The authors have declared no conflicts of interest.

EMJ Gastroenterol. ;7[1]:210-127. DOI/10.33590/emjgastroenterol/10310441.
Infantile colic (IC), prevention, probiotics, synbiotic

Each article is made available under the terms of the Creative Commons Attribution-Non Commercial 4.0 License.


Objective: Infantile colic is a frustrating impasse that affects up to 20% of infants. Even though its pathogenesis is currently unknown, some hypotheses are food hypersensitivity or allergy, gut dysmotility, inflammation, and visceral pain. The use of probiotics in treatment and prevention of infantile colic is a relatively new topic.

Method: Literature searches were conducted using Ovid MEDLINE®, EMBASE®, and the Cochrane Central Register of Controlled Trials. Randomised controlled trials including the terms “neonate(s)”, “infant(s)”, “probiotics”, “synbiotics”, “Lactobacillus”, “Bifidobacterium”, “colic”, and “prevention” were included.

Results: Three studies showed the different composition of intestinal microbiota between colicky infants and control groups. In six of the studies, probiotic and/or synbiotic supplementation significantly decreased the rate of crying and pain in colicky infants compared with placebo; however, in two studies, no effect on the incidence and frequency of colic-related restlessness was detected. In all, the reviewed studies demonstrated that probiotic and/or symbiotic treatment regimens were effective for infantile colic prevention.

Conclusions: There is much evidence suggestive of diversity in the intestinal microbiota among colicky and healthy infants.
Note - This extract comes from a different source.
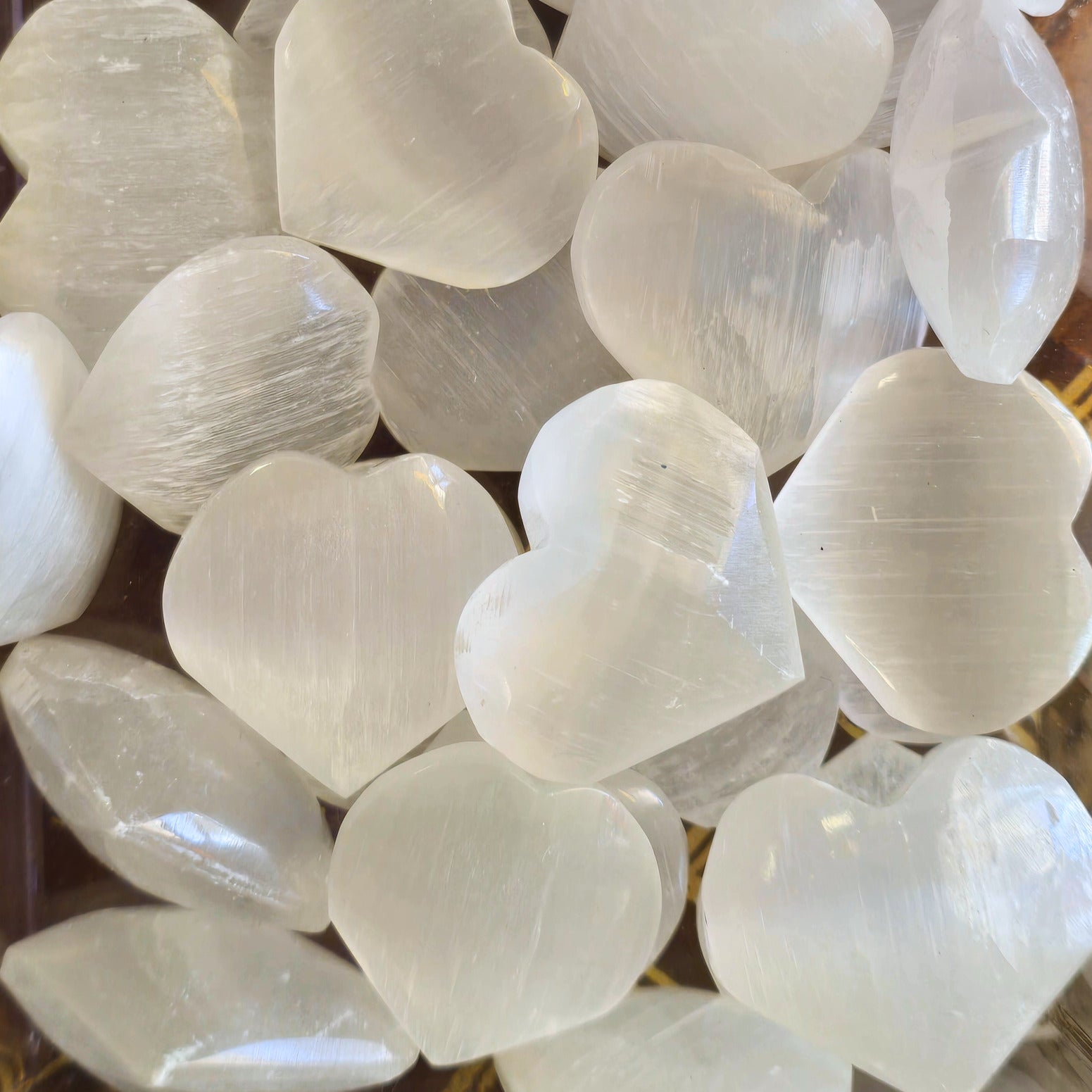 A pile of small Selenite Crystal hearts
Based on recent research, using probiotics and synbiotics is a practical and favourable strategy for prevention and treatment of fussiness in colicky infants.
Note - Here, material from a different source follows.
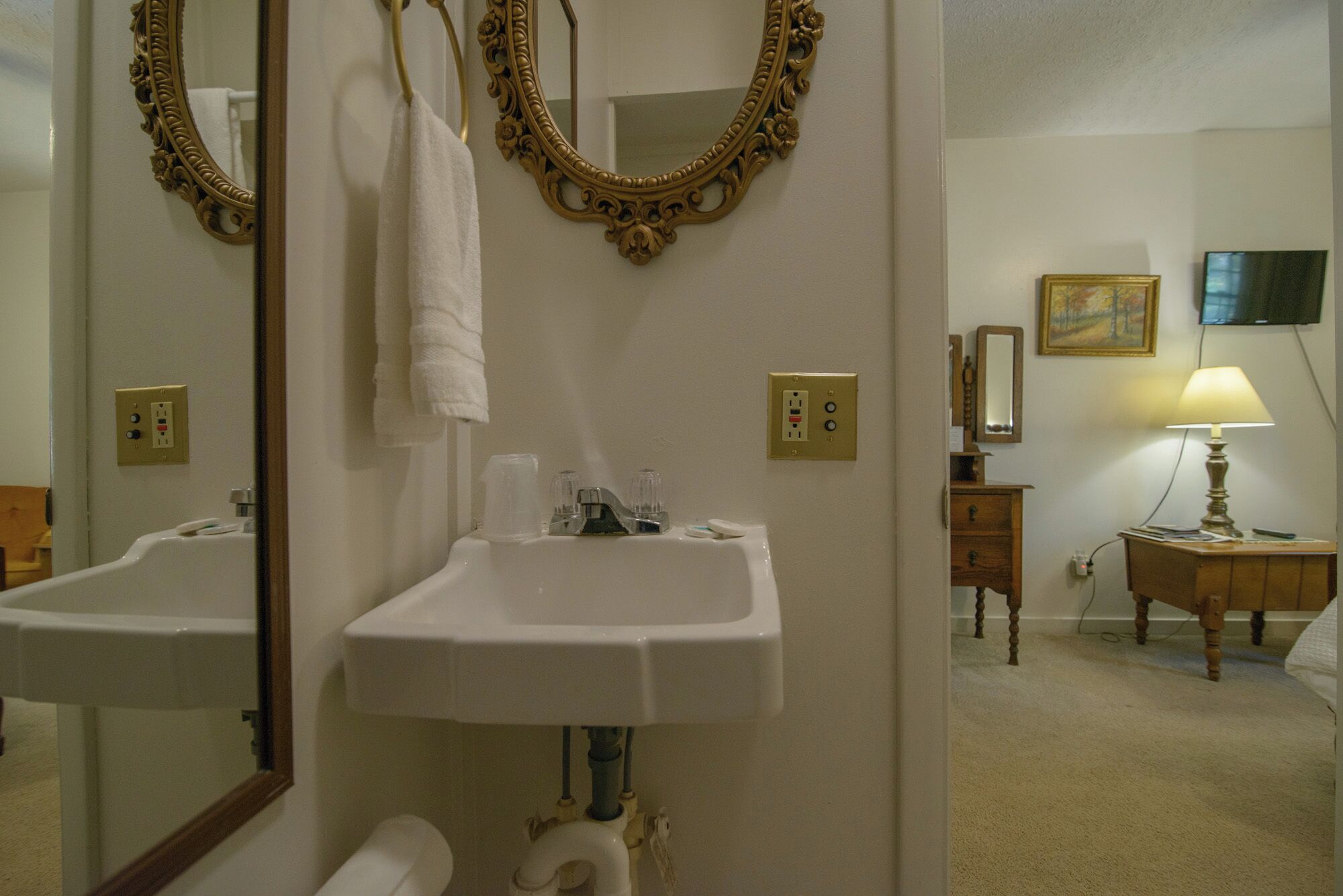 A bathroom with two sinks, a mirror, a towel hanging on the wall, a painting, and a lamp on a bedside table.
Infantile colic (IC) is defined as paroxysms of crying or fussing due to abdominal pain for ≥3 hours a day, occurring 3 days or more per week for 3 weeks, in a healthy infant aged from 2 weeks to 3 months.1,2 IC’s prevalence is estimated to be up to 20% in the general population and is well-known as a frustrating problem among parents and healthcare professionals.3 The condition usually manifests at about 2 weeks of age and no longer exists by 4 months of age.

Although the pathogenesis of IC is presently unknown, it is likely due to a multitude of factors, with many theories proposed. Psychosocial theories, such as inadequate maternal–infant interactions, family tension, maternal anxiety, depression, and smoking, are potentially risk factors.4,5 Gastrointestinal hypotheses mention increased intra-abdominal gas, visceral pain, and immaturity of the nervous or digestive system.4,6

Despite there being several benign treatment modalities available, there is no gold standard treatment option for colicky infants. The current management technique recommended is the provision of support and reassurance to the parents,7-10 although, in breast-fed infants, the use of hypoallergic foods and the exclusion of cow’s milk protein from the mother’s diet has been suggested.7-9,11 In bottle-fed infants, using hypoallergenic formulas was shown to be effective in a few studies.7,8,12

Pharmaceutical treatment has limited benefit in the management of colicky pain. While agents such as dicyclomine, simethicone, and nutritional supplements can be useful in some infants, few randomised controlled trials (RCT) support their efficacy.13-15 Currently, recent evidence has suggested probiotic and synbiotic usage for the improvement of colicky pain.16,17

While the need to find a treatment for infantile colic may not appear immediately obvious because of the condition’s benign and ultimately self-resolving nature, infantile colic can increase the risk of maternal depression,18 early breastfeeding discontinuance,19 and shaken baby syndrome.20 In this context, the imperative to develop a viable therapeutic option becomes more pressing.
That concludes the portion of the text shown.